2004 One of Eben’s favourites and mine of the older wines. I had a bottle in London earlier this year; this one too showed similar complexity, vitality and tension. Grenache blanc adds to the flavour dimension. Delicious now, though unlikely to head downhill anytime soon.
2005 – great vintage here and in Europe, 2006, 2007 – Sadie’s most perfect vintage of early years
Start of a major change with grenache blanc playing a more important role (up to 40%) and viognier reduced to 10%. Larger, 500 L barrels introduced ‘for greater stability’. Chardonnay was dropped in 2006 when Sadie realised ‘Swartland isn’t chardonnay country’. Clairette blanche, picked fully ripe at 11.5% alcohol, filled the gap and brought alcohol under 14.3%. Roussanne, which ‘gives volume’, joined the blend in 2007.
2005 has a glowing yellow gold colour. Impact here is from the firm structure, freshness and grainy grip, as opposed to richness of earlier vintages. Grenache’s thatchy, dry hay character adds a new flavour dimension.
2006 more developed, strong reddish gold and suggestion of oxidation. Follows 2005’s style but unlikely to gain further interest
2007 speaks of sunny climes and the Swartland but also has great energy and a saline edge in its subtle complexity. Lovely wine with real personality and plenty in store.
2008, 2009, 2010, 2011
Changes beyond the blend itself in this trio of vintages. In 2008, the bottle changed from Bordeaux shape to one with a sloped shoulder, indicative of the wine going its own way and reaching a stature similar to Columella. Picking was earlier for greater freshness. 2009 was a reference year for Sadie; Palladius became a blend of specific vineyards rather than varieties. Viognier and roussanne were dropped, being replaced by semillon blanc and gris and palomino. A dream vintage, as everything was harvested prior to the heatwaves. 2010 an easy year, the only problem being it came after 2009. The blend settled at 11 varieties, each of which has a place in the Swartland though not all liked by Sadie. 2011 identical weather pattern to 2009. Verdelho added to the blend.
2008 – Platter’s White Wine of the Year. Underwent an extended 18 months’ fermentation with a vigorous burst to dryness in October 2009. Deep yellow gold, quiet and developed with a touch of sweetness. Offers some pleasure without vitality and dimension of 2007.
2009 extraordinarily youthful, pale lemony, green; compact build with a silky undercurrent. More a sense of flavour – savouriness, herbaceousness – than anything specific. Elegant and ageworthy.
2010 youthful, pale colour contrasted by broad, mouthfilling richness with some oxidation. Lacks freshness and complexity, maybe an unrepresentative bottle if not, drink up.

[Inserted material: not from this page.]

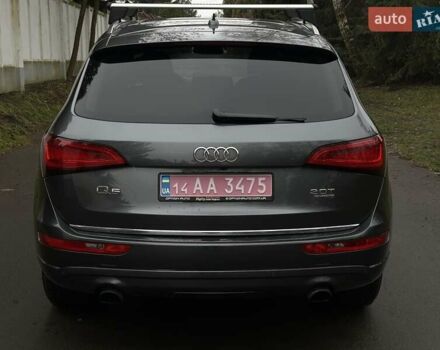 Сірий Ауді Ку 5, об'ємом двигуна 1.98 л та пробігом 148 тис. км за 18450 $, фото 12 на Automoto.ua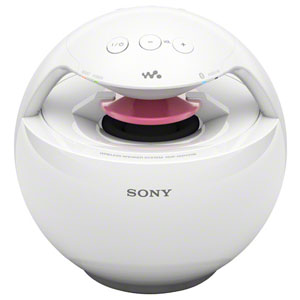 RDP-NWV25B-W【税込】 ソニー “ウォークマン”対応Bluetoothスピーカー ホワイト SONY [RDPNWV25BW]【返品種別A】【送料無料】【Joshin webはネット通販1位(アフターサービスランキング)/日経ビジネス誌2012】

2011 semillon’s beeswaxy character and satiny texture plus undertone of verdelho’s smoky, tropical melon add distinction to the freshness and precise finish. Needs good few more years to show at best.
A moderate vintage that went well, 2012 is notable for the first Palladius under 14% alc. 2013 is marked by Paul Jordaan joining the team in the cellar, sales of Palladius taking off and the style settled.
2012 more open, expressive than 2011; Sadie believes it’s a vintage that would better fit now on a restaurant wine list. Balance between freshness, weight and smooth flow. Doesn’t demand introspection, so good partner to conversation.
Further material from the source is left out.